(WHAT THE TASK REQUIRES) Within the entries below, output exactly the lines between the line containing "At the top of" and the line containing "The full size", inclusive, and omit any picture.

(PROVIDED RECORDS)
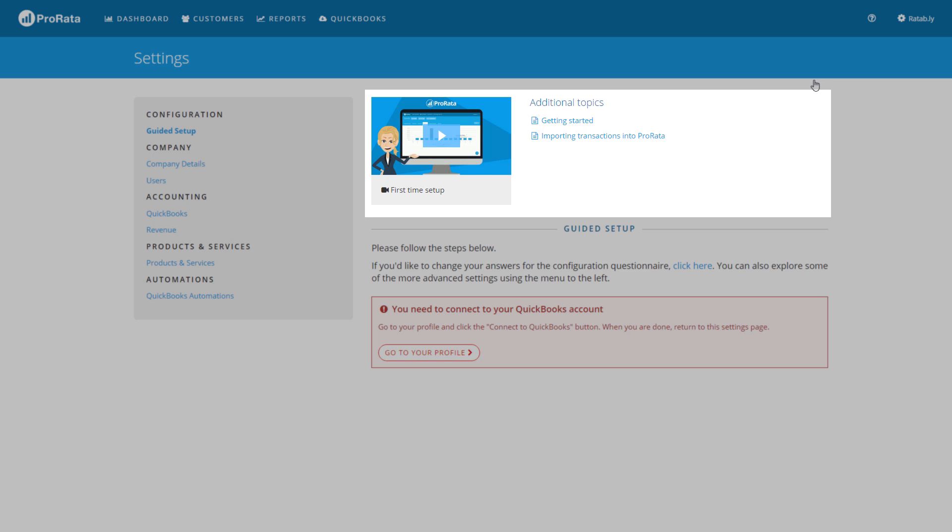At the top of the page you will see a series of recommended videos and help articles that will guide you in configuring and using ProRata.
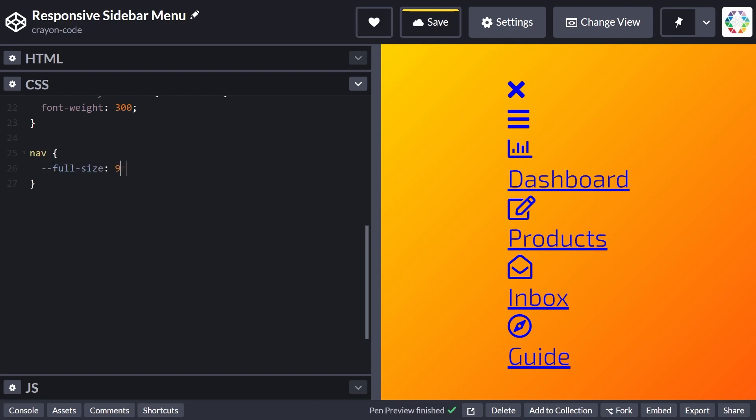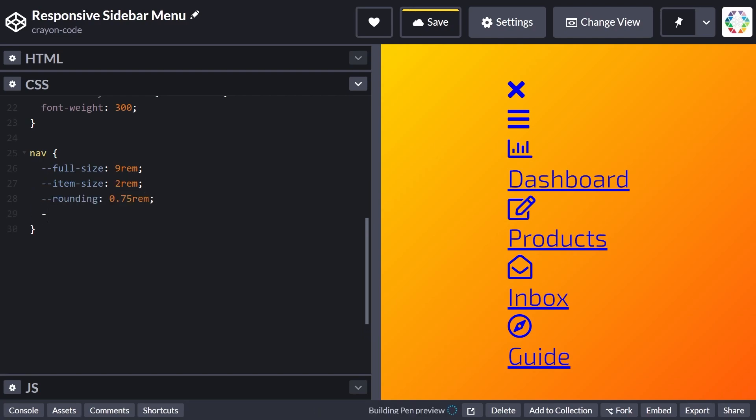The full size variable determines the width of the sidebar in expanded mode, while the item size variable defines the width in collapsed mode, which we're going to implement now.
...
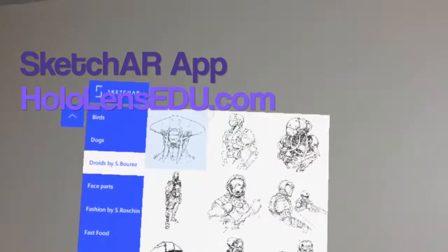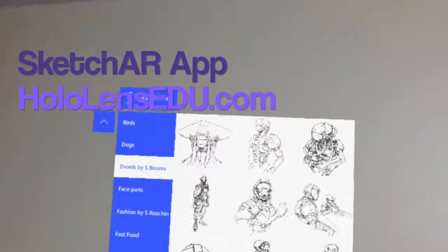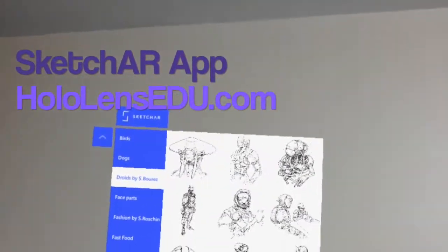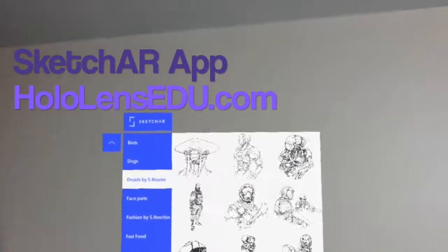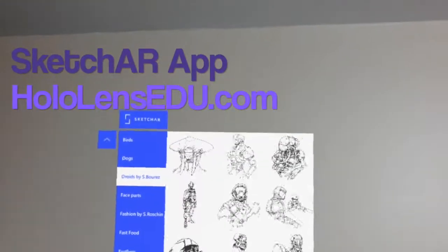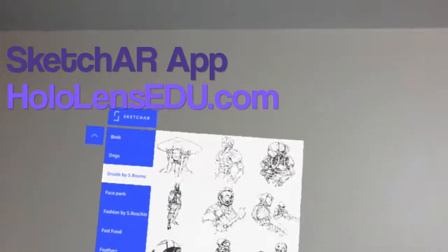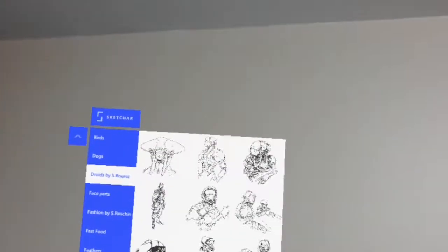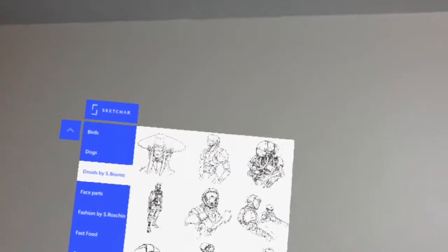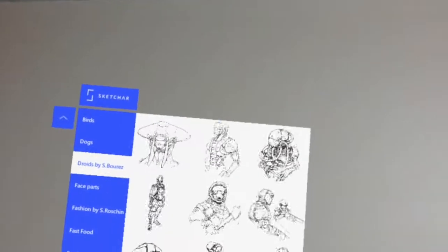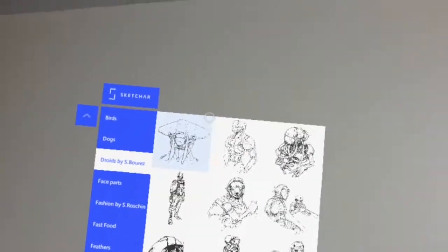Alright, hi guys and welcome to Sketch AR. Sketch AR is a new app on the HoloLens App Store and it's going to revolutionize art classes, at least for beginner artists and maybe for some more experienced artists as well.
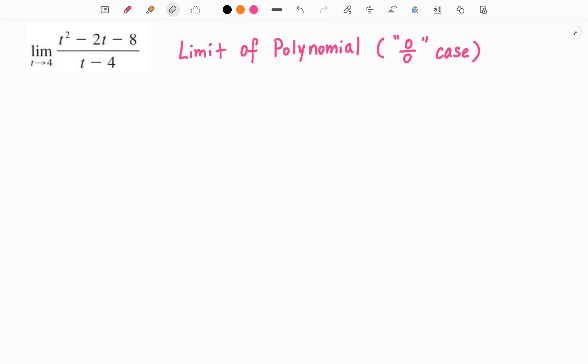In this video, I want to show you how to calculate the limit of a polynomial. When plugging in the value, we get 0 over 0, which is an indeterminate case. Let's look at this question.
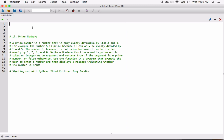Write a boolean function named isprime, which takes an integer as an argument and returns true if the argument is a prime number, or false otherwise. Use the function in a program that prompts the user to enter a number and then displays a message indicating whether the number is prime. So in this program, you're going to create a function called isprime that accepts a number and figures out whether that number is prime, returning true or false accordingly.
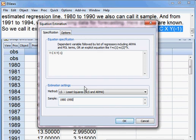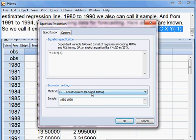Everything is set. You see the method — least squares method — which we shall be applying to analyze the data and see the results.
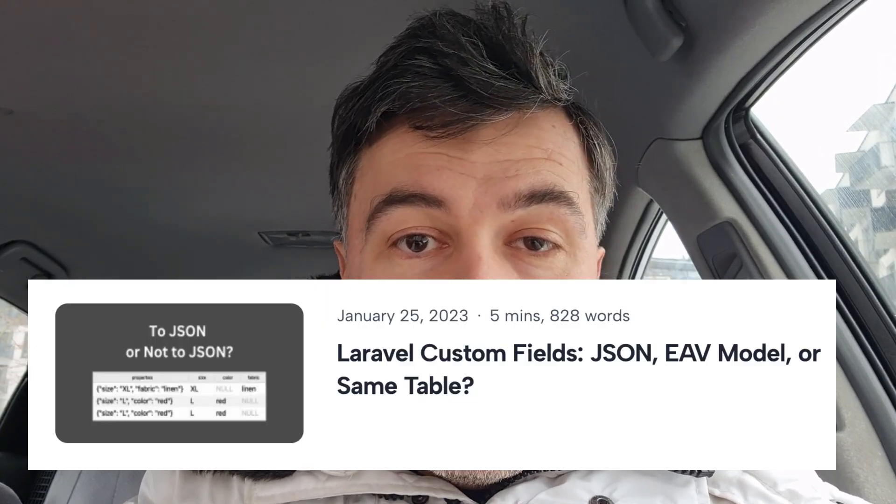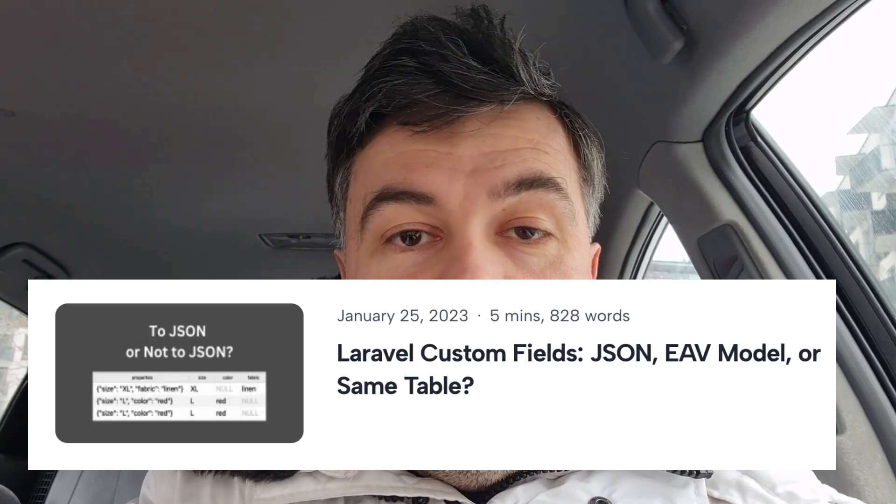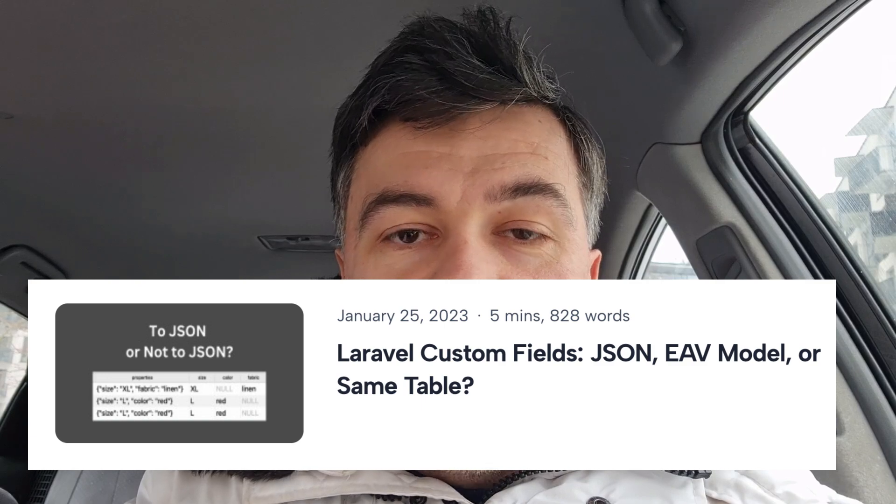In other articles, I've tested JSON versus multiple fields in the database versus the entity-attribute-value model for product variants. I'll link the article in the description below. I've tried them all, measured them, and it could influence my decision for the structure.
--
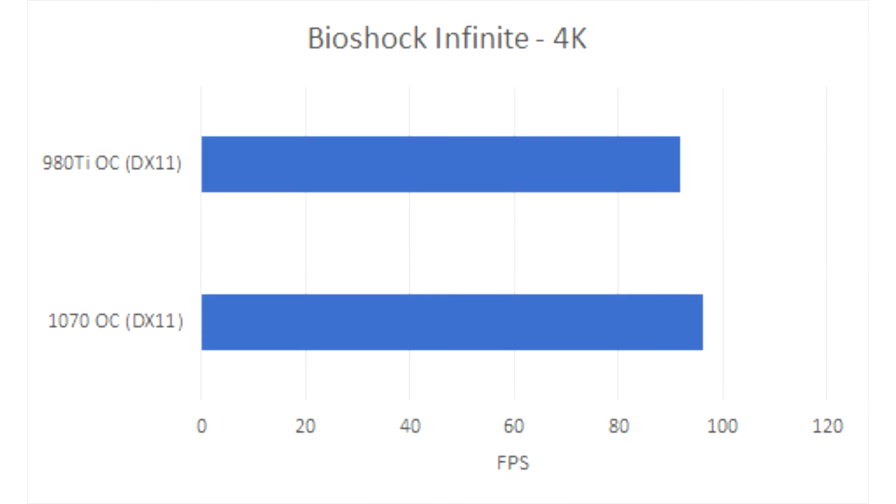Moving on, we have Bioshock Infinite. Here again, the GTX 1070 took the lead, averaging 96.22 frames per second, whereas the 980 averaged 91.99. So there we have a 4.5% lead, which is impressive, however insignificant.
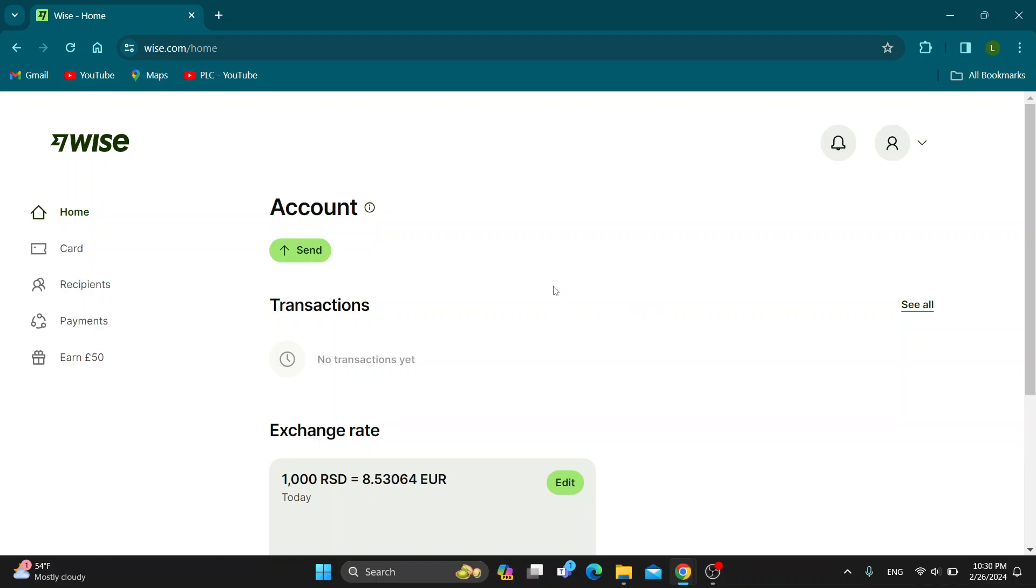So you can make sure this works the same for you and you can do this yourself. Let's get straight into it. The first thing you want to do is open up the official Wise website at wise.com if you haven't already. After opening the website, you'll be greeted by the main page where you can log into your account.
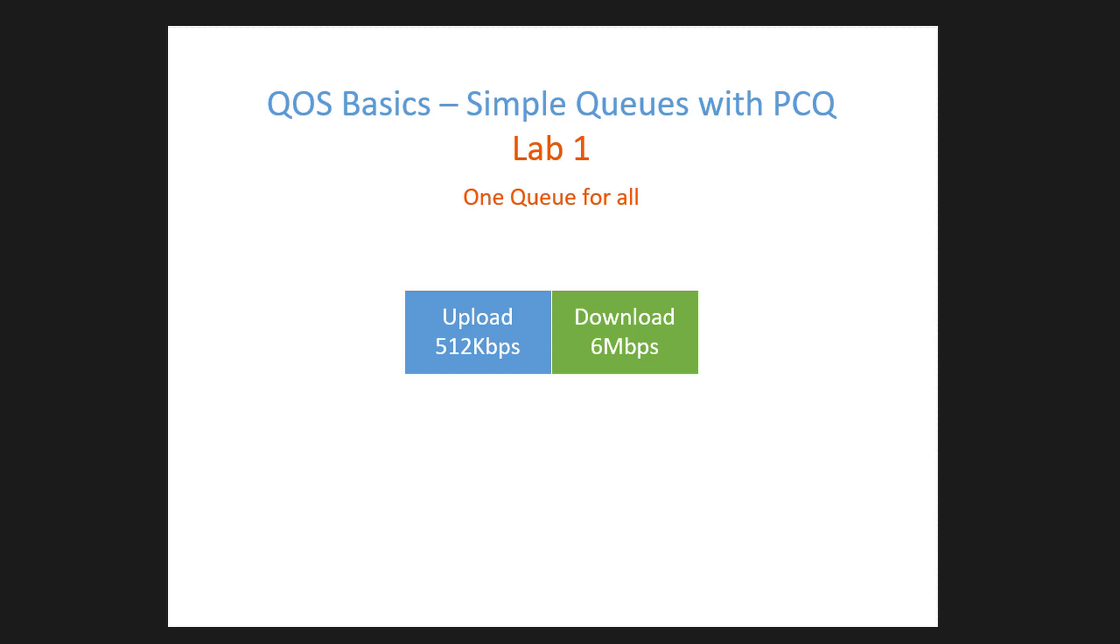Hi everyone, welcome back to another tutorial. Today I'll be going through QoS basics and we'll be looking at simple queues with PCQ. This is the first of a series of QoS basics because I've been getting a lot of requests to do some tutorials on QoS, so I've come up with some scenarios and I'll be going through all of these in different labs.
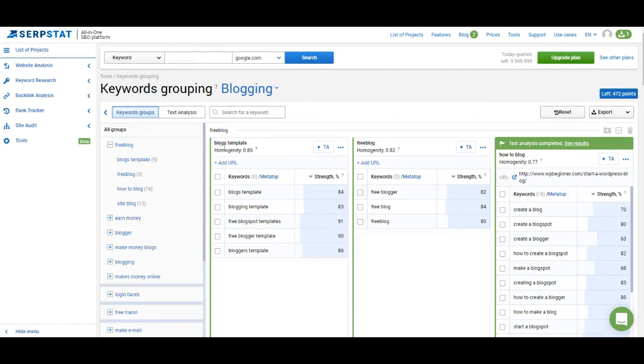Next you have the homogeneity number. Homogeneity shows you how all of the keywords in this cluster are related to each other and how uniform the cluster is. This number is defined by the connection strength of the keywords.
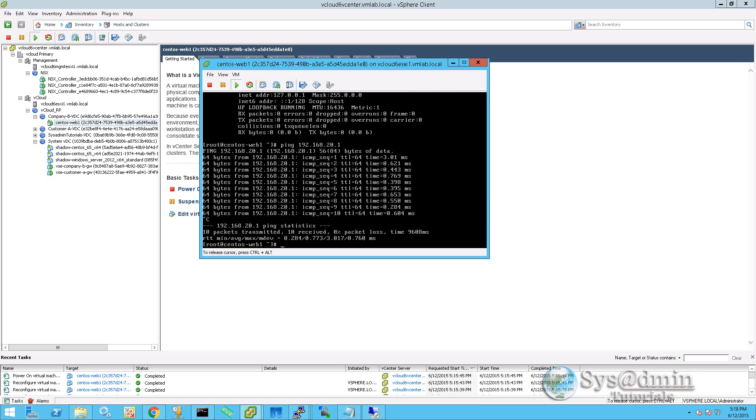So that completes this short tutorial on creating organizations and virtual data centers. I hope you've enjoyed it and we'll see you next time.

(WRITTEN RESPONSE)
At the top of the page you will see a series of recommended videos and help articles that will guide you in configuring and using ProRata.
The full size variable determines the width of the sidebar in expanded mode, while the item size variable defines the width in collapsed mode, which we're going to implement now.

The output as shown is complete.